Iranian state media did not immediately confirm either death. However, it said a message from Larijani’s office would be published shortly.
The announcement came after the Israeli military had earlier said it had carried out a “wide-scale wave of strikes” across Iran's capital and stepped up strikes on Iran-backed Hezbollah militants in Lebanon. Israel also reported two incoming salvos before dawn from Iran at Tel Aviv and elsewhere, and said Hezbollah targeted Israel’s north.
Larijani hails from one of Iran’s most famous political families. A former parliamentary speaker and senior policy adviser, he was appointed to advise the late Khamenei on strategy in nuclear talks with the Trump administration.
He also served as the secretary of Iran’s Supreme National Security Council, its top security body.
Soleimani, meantime, was the head of the Basij militia forces, which Israel's military called an “armed apparatus of the Iranian terror regime.”

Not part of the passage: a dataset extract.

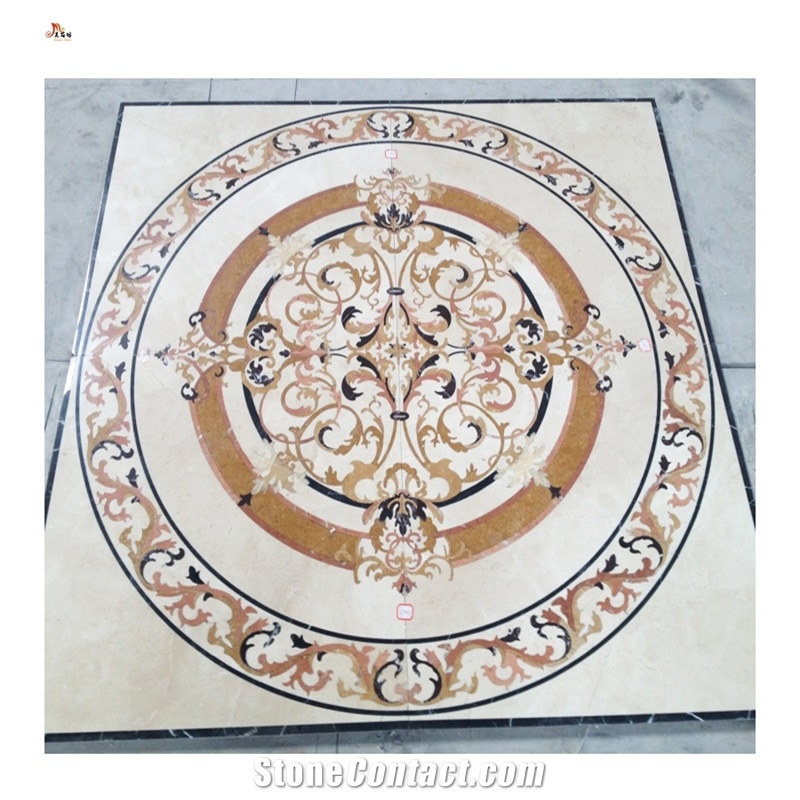 Waterjet Golden Cream Marble Square Carpet Floor Medallions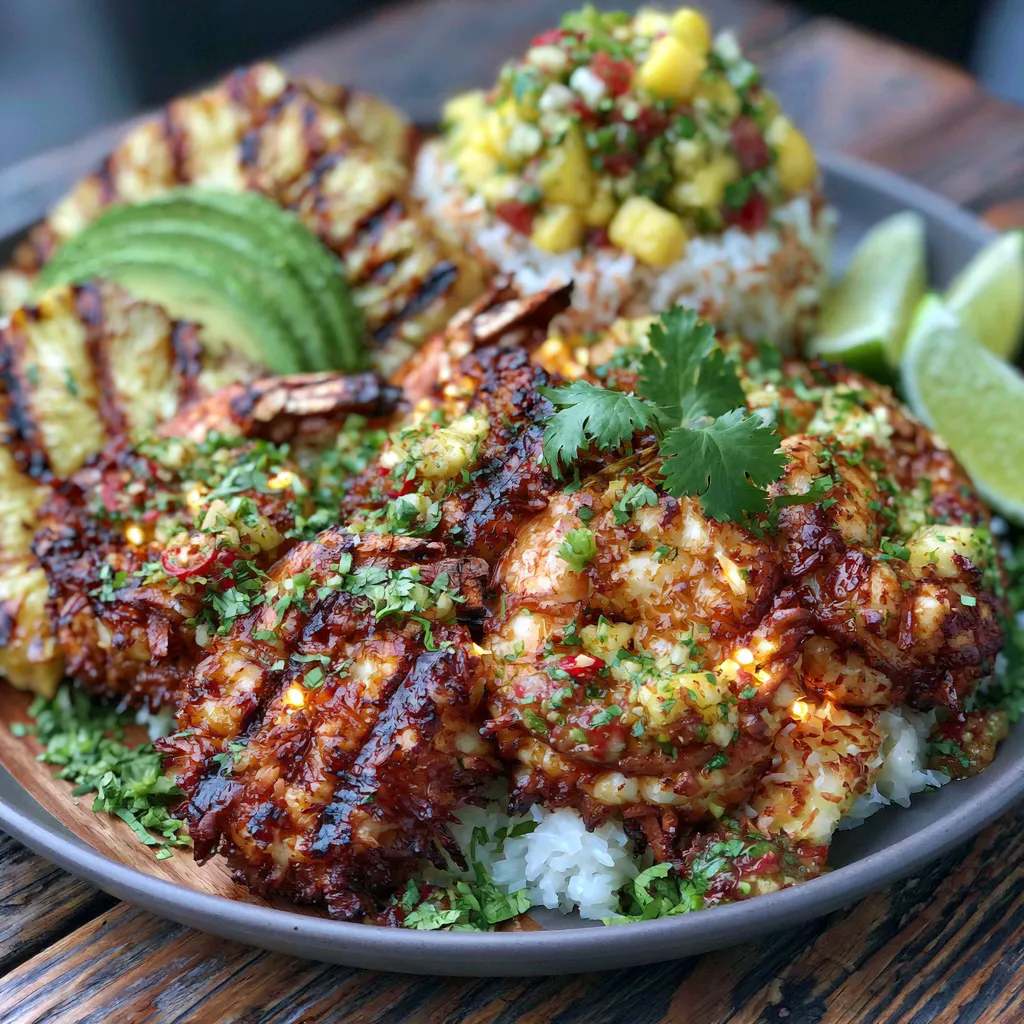 Grilled Coconut Lime Shrimp with Tropical Side Dishes Grilled Coconut Lime Shrimp served with coconut rice, grilled pineapple, mango salsa, and avocado.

“During internal protests in Iran, particularly in recent periods as demonstrations intensified, Basij forces under Soleimani’s command led the main repression operations, employing severe violence, widespread arrests and the use of force against civilian demonstrators,” Israel's military said in a statement.
Meanwhile, incoming Iranian missiles on the United Arab Emirates prompted Dubai, a major transit hub for international travel, to briefly shut its airspace and a man was killed by the debris of a missile intercepted over Abu Dhabi.